▶ **WORK ITEM**
If a line in the entries contains the string "East", include that line in your answer.

▶ **Data extracted from a collection**
********************

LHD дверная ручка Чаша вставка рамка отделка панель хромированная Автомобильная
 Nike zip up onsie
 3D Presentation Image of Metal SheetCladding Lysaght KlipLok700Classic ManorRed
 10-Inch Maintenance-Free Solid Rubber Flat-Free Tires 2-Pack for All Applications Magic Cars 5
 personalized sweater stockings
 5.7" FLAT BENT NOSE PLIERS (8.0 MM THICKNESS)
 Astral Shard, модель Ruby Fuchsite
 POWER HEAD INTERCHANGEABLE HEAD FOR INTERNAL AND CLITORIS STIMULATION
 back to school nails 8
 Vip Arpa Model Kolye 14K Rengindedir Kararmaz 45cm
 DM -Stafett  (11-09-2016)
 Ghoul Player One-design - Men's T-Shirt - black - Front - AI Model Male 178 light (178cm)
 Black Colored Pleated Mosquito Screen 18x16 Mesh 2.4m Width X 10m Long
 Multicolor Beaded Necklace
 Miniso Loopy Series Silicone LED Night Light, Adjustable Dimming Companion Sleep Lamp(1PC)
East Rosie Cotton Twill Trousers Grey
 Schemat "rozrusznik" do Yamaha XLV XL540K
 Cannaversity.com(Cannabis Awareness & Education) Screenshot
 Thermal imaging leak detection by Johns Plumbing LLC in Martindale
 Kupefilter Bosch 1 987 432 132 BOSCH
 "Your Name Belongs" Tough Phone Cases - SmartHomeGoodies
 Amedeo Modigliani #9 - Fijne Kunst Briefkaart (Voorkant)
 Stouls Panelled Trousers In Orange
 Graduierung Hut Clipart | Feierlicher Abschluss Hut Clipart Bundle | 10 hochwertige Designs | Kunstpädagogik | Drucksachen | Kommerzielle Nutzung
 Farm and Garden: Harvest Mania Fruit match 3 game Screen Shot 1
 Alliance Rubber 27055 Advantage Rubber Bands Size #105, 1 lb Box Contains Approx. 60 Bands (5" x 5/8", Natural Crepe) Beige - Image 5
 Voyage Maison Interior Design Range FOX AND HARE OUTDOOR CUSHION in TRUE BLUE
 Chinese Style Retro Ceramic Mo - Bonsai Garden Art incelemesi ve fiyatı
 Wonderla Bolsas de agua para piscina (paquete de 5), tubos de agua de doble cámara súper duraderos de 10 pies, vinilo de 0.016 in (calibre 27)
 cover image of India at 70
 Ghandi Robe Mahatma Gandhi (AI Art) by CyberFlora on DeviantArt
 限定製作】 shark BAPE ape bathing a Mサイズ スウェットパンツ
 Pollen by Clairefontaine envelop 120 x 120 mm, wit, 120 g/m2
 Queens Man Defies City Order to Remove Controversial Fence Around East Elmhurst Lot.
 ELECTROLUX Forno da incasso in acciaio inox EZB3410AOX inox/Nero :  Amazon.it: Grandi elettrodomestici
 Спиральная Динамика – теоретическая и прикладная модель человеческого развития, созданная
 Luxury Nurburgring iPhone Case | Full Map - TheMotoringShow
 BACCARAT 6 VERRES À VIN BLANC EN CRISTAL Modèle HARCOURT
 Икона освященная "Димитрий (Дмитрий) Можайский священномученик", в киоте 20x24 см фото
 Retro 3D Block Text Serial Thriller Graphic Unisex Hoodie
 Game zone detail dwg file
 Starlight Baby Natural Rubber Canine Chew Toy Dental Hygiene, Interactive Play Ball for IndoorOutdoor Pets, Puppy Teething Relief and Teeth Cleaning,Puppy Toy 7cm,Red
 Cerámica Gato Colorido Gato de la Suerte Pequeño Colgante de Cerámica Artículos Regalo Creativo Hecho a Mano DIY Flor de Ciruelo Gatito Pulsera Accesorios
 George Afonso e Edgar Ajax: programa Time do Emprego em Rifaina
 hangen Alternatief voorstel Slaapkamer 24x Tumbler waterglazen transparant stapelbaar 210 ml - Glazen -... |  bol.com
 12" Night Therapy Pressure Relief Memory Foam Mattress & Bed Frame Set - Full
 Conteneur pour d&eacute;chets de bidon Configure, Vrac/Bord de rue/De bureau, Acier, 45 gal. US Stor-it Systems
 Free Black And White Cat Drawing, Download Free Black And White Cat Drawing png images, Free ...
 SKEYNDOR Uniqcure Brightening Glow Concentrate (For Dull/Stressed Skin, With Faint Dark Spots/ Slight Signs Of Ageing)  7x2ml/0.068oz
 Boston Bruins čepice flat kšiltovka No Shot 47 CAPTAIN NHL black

********************

▶ **FINAL ANSWER**
East Rosie Cotton Twill Trousers Grey
 Queens Man Defies City Order to Remove Controversial Fence Around East Elmhurst Lot.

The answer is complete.